Por Maite Pil
De adictos.
Si algo no vi venir esta cuarentena, fue el desabastecimiento de cigarrillos. Imaginé, y lo sigo haciendo, todo un año de limitaciones, que mi hija pase a primer grado sin poder egresar del jardín, por ejemplo. Me planteo muchos escenarios, algunos angustiosos y otros absurdos. Pero lo de los cigarrillos me agarró desprevenida. Aunque su repercusión me sirvió para pensar algunas cosas. Sobre todo cómo prendió este tema en aquellos que creen que dejar de fumar es un acto puramente volitivo y que todos los seres humanos aspiramos a la mejor versión de nosotros mismos. Qué gran oportunidad para dejar de fumar, se podía leer en diversos lugares.
¿Es, acaso, alguna vez, oportuna la salida de una adicción? Y, yendo un poco más lejos, ¿por qué siempre tenemos que andar capitalizando crisis y convirtiéndolas en oportunidades? ¿Por qué esta pandemia nos debe volver mejores?
Yo no creo que este virus sea funcional al capitalismo ni, tampoco, que le presente demasiada batalla. El virus irrumpió, punto. Después se verá cómo se comporta, sus consecuencias, en cada sociedad; no va a impactar de la misma manera en EEUU que en Alemania, o que en Argentina. Cada comunidad verá de qué forma lo resignifica desde un punto de vista sociológico y psicológico.
Ahora bien, hay algo que, en mayor o menor medida, sucedió en todos lados: es un virus que democratizó la inacción. Desnudó que, a fin de cuentas, ser improductivo no es tan grave. Que todos tenemos derecho, y espacio, aunque no lo percibamos, a no hacer nada. Y hay un derecho que es, todavía, más fundamental y supremo: el derecho a fracasar. Y acá me refiero a fracasar, simplemente, como el reverso del éxito. Se nos exige ser exitosos, que hagamos algo con nuestras limitaciones, que seamos resilientes. O sea, que no atendamos nuestras angustias, ni nuestro cansancio, y que sigamos generando riquezas, produciendo. No vaya a ser cosa que ese artificio llamado rutina se nos caiga a pedazos y reflexionemos sobre la existencia.
De viciosos.
Hace varios años atrás, se desató una polémica respecto a la tarjeta SUBE, ¿se acuerdan?. Que el Estado va a saber dónde estamos, que es una herramienta de control, y la mar en coche. Ahora corren con la misma suerte, acá y en otros países, todas las apps que se están implementando para monitorear la propagación de la enfermedad. Tal vez asistamos a una época donde no sólo se necesite redistribuir riquezas, sino, también, redistribuir información.

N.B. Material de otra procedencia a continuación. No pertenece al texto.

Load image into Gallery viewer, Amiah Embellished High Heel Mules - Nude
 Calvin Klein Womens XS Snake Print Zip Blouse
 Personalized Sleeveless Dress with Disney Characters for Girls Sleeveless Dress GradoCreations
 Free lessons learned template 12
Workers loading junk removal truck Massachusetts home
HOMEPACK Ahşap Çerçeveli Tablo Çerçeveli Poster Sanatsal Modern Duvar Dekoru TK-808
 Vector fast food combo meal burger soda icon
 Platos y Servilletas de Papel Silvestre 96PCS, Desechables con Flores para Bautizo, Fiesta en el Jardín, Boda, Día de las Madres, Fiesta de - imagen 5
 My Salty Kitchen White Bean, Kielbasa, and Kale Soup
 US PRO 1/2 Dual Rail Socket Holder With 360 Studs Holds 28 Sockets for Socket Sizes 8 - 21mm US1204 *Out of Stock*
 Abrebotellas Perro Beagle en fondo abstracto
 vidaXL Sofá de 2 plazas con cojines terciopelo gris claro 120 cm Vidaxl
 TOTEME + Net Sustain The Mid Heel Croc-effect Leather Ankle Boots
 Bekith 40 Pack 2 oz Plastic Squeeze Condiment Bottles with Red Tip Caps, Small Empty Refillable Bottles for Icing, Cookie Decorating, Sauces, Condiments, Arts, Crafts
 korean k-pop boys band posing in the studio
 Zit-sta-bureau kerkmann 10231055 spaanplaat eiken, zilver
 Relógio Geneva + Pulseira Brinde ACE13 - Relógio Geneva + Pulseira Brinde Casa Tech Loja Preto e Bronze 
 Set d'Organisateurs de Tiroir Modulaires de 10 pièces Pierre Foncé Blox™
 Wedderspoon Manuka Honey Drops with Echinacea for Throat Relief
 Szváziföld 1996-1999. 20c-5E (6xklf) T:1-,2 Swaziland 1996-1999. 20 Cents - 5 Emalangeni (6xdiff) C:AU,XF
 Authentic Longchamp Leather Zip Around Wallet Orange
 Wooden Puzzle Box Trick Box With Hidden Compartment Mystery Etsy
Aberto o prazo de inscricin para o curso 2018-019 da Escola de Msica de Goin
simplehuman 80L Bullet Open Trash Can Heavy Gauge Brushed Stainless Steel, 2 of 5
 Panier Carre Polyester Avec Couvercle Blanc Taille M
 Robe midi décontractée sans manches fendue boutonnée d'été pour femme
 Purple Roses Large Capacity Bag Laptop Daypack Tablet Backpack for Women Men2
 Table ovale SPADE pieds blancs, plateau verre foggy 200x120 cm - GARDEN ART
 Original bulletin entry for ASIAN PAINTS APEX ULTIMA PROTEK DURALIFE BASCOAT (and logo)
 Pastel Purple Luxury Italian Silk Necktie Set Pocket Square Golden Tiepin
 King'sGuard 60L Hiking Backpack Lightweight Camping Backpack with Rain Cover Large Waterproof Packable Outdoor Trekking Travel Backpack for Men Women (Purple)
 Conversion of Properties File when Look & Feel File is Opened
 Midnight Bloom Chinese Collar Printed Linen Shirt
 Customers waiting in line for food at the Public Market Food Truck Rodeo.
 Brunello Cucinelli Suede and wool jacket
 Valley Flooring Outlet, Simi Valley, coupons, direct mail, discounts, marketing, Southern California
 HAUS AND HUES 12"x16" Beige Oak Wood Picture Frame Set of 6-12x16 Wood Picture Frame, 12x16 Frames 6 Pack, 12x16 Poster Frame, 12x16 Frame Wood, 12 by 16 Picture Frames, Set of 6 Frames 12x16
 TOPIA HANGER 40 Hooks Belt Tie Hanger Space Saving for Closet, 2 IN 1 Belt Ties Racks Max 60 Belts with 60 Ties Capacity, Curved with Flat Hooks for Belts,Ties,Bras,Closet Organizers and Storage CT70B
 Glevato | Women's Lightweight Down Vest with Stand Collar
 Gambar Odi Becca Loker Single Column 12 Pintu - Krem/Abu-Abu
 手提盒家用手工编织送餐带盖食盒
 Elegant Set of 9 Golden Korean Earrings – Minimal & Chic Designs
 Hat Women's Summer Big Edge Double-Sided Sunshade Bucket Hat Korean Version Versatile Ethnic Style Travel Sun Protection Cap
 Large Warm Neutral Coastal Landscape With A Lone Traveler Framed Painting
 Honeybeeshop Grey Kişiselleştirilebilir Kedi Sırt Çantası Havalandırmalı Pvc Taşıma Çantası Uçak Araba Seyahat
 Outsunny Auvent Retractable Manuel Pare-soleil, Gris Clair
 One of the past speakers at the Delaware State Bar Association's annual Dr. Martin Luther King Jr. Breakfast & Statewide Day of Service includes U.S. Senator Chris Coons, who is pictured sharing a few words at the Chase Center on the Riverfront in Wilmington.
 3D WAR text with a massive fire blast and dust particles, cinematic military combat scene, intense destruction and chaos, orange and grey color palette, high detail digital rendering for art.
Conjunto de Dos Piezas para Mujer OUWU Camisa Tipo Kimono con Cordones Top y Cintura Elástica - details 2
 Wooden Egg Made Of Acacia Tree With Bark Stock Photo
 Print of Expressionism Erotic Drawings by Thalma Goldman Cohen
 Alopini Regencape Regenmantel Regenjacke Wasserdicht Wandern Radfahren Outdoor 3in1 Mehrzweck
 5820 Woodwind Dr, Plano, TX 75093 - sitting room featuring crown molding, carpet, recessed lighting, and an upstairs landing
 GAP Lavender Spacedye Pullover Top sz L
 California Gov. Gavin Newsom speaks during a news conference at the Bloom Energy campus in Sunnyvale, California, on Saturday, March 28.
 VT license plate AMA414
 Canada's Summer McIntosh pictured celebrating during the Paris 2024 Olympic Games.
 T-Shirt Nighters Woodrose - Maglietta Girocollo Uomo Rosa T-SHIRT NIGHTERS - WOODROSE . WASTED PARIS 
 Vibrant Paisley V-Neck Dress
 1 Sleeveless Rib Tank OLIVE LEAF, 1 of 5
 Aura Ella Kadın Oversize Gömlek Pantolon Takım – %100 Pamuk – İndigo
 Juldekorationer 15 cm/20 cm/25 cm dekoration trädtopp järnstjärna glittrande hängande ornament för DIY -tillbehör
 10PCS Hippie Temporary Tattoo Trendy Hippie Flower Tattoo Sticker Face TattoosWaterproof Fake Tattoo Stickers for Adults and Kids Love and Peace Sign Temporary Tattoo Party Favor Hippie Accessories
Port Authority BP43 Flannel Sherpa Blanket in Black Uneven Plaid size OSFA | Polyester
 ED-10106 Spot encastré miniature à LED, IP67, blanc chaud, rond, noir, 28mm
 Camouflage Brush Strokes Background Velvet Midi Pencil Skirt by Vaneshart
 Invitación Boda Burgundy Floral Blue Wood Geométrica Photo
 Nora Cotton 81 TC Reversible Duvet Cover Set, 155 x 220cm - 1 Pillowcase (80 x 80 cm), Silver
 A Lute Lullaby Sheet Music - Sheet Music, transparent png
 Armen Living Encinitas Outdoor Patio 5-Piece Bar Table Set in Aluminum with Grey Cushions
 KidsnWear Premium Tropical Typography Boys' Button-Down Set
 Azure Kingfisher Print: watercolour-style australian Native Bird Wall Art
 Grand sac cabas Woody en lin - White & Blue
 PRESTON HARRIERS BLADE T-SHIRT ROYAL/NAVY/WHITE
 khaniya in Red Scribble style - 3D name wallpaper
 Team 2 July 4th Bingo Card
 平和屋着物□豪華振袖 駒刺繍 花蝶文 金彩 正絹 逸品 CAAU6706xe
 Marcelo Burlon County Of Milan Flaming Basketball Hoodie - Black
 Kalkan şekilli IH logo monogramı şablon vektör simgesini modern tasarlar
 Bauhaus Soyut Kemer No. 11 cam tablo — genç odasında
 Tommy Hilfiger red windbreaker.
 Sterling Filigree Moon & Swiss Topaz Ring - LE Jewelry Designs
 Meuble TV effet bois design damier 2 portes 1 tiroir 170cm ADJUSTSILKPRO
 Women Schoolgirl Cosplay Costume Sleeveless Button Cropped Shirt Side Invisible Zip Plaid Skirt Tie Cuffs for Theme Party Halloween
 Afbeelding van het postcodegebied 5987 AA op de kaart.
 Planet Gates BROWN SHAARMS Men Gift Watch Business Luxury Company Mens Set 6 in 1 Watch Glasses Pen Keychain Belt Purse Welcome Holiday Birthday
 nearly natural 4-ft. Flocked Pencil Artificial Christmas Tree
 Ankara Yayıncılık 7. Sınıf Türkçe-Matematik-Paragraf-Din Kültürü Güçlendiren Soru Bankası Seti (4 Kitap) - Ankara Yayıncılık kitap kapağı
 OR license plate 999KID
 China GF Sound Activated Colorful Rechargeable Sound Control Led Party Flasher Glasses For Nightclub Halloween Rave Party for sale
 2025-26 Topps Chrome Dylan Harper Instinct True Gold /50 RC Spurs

El control de los individuos es algo que existió siempre, algunas veces adopta formas más sutiles y comerciales y, otras veces, mediante órganos o instrumentos del Estado. Personalmente, considero que hay que actualizar las nociones que tenemos sobre intimidad, individualidad, control ciudadano, lo público y lo privado. No podemos pensar la actualidad bajo la mirada de los teóricos del siglo XX. Hay que dejar de citar a Foucault por una década, al menos.
Lejos de sentirme espiada, a mí me encanta que google sepa que ayer estuve buscando recetas de sopa de calabaza y que hoy me ofrezca otras tantas, me facilita la vida. Porque, convengamos, tampoco es que llevemos vidas tan interesantes. Lo que me sorprende es que la misma gente que hace de su vida un minuto a minuto en redes sociales, se queje, vea con recelo, que el Estado le pida información. Supongo que ese sujeto es el narcisista, por excelencia, de la época.
Como diría Slimobich: "El narcisismo se define por ocultar (...) una persona tiene grandes ideas, va con sus grandes ideas guardadas en algún lugar (...). El actor necesita la dimensión del sacrificio (...), que es una entrega, un discurso, un vínculo social, es todo lo contrario al narcisismo".